AMD Vega 10, Vega 11, Vega 12 and Vega 20 Rumors and Discussion

https://www.youtube.com/user/amd/videos
Bunch of videos AMD recently uploaded.
  • "Removing resource management from the developer with Vega" Link
Most awesome news in long time. Someone is finally talking about games and fine grained automated memory paging from CPU memory. Hopefully Nvidia follows the suit. Professional (5000$+) Pascal P100 supports this already in CUDA. Link: http://www.techenablement.com/key-aspects-pascal-commercial-exascale-computing/. Now we just need consumer NV GPU support and graphics API support.

Future looks bright :)
 
Expecting a 530mm2 Vega not to clean with 1080 is lunacy. That would be the biggest fail AMD ever conceived.
 
Ur not taking into account drivers. As far as we know the drivers for vega were in alpha. And due to how different vega is from the past GCN we can be sure AMD have a lot of work to do with the drivers.

What we forget to take in account, is the run of the Vega was with V-sync fixed at 60fps ..... We have no idea at what fps it was run in reality. could be 61fps as 75 average. or maybe who now .. Honestly i dont know what will be the performance of it based on this demo.

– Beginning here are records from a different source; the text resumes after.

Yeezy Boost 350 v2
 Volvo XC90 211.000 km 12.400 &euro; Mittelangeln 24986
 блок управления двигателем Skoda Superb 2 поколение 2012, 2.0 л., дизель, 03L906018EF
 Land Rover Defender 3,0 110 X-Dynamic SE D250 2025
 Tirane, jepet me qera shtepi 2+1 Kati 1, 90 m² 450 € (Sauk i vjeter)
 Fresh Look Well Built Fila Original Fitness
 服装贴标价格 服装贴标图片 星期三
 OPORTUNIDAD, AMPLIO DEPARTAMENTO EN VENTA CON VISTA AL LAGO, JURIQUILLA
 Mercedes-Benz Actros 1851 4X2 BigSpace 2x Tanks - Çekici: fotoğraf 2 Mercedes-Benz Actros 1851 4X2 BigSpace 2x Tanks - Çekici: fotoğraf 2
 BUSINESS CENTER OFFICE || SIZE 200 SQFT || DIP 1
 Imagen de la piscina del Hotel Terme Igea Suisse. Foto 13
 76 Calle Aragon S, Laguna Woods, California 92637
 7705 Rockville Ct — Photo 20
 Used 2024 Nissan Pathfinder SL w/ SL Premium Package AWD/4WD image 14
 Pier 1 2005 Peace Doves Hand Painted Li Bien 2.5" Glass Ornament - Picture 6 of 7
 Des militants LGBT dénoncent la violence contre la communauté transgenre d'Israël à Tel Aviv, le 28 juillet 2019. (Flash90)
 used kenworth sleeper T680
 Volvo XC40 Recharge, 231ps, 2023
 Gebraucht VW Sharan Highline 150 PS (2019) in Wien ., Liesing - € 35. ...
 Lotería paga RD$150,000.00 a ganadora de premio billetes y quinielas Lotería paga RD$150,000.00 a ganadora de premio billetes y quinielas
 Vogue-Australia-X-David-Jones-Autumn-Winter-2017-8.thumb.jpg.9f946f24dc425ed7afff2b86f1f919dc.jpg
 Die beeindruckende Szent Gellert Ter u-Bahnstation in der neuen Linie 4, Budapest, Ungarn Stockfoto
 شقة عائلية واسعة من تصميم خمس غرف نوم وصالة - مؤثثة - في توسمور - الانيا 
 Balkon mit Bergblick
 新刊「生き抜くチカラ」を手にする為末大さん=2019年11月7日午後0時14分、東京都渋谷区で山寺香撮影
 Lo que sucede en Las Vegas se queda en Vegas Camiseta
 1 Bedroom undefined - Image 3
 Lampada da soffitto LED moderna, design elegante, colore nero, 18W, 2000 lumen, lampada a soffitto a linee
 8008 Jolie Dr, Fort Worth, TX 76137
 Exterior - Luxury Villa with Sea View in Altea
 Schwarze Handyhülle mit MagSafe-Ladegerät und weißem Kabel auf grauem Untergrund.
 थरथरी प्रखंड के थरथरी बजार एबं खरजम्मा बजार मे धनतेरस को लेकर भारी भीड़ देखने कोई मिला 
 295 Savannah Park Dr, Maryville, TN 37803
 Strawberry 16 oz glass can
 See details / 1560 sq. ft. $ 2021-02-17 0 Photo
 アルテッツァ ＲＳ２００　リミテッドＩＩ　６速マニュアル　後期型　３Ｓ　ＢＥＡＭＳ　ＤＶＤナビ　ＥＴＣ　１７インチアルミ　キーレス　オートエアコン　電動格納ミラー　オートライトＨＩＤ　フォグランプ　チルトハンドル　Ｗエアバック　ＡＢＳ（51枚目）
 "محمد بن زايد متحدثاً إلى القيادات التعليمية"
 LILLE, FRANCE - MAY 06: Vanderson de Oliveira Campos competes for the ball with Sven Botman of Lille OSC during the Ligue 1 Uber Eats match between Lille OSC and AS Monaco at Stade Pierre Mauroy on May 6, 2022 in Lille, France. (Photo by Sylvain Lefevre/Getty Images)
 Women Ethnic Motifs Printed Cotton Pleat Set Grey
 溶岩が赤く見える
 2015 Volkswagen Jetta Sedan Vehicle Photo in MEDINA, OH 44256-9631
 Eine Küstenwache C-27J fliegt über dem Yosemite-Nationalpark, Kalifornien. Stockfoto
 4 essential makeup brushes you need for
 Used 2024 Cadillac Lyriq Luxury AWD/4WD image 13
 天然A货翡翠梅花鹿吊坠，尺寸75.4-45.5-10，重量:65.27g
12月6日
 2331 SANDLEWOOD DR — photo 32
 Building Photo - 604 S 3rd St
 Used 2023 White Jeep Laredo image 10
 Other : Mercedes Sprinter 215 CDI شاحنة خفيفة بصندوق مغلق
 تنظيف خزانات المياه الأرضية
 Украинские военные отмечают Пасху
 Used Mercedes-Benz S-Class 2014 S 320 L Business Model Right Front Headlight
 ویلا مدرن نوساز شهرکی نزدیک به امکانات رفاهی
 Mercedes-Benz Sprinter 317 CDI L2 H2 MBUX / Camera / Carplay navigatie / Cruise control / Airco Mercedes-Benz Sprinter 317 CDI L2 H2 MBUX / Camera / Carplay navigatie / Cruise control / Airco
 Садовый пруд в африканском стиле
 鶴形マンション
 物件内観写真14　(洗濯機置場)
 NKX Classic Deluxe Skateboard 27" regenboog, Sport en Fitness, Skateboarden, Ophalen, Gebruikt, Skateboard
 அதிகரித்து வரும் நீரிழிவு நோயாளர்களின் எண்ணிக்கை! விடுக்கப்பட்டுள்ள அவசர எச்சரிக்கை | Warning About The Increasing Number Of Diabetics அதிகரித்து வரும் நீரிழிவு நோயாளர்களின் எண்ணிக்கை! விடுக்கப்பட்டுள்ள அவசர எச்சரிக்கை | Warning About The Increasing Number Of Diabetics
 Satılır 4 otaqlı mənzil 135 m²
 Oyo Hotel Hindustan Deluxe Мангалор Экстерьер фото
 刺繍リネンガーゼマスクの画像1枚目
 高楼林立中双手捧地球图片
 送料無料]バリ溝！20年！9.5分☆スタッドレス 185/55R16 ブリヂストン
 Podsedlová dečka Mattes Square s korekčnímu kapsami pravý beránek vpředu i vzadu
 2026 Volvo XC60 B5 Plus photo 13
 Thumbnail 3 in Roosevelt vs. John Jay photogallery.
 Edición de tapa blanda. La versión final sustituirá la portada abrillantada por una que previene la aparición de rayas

It will be same thing for the TitanX if.v-sync is enabled.( and it is in some of link posted upper. )

i just cant tell for SW what was the performance of it based on a artificially fixed fps to 60fps. (v-sync on )
 
Last edited:
In 3840x2400 my 4790 + 1080 delivery 60FPS with some dips to 53FPS with lots of action in the settings used and on Endor. So I think the shown performance is around the 1080 level.
 
Most awesome news in long time. Someone is finally talking about games and fine grained automated memory paging from CPU memory. Hopefully Nvidia follows the suit. Professional (5000$+) Pascal P100 supports this already in CUDA. Link: http://www.techenablement.com/key-aspects-pascal-commercial-exascale-computing/. Now we just need consumer NV GPU support and graphics API support.

Future looks bright :)

Is this unified memory? Every Pascal GPU supports 49bit and "Page Migration Engine" - comment section:

Any Pascal GPU supports the new Unified Memory features such as on-demand paging and GPU memory oversubscription, so you can definitely prototype your application on GTX 1080 or GTX Titan X
https://devblogs.nvidia.com/parallelforall/beyond-gpu-memory-limits-unified-memory-pascal/
 
Moving on, it seems we were mistaken in the interpretation of that "128 32bit ops per clock" slide.
It's "ops", not "madds", so ALU count on the "NCU" is the same. Each ALU can do two operations in a cycle (multiply + add), so that hasn't changed.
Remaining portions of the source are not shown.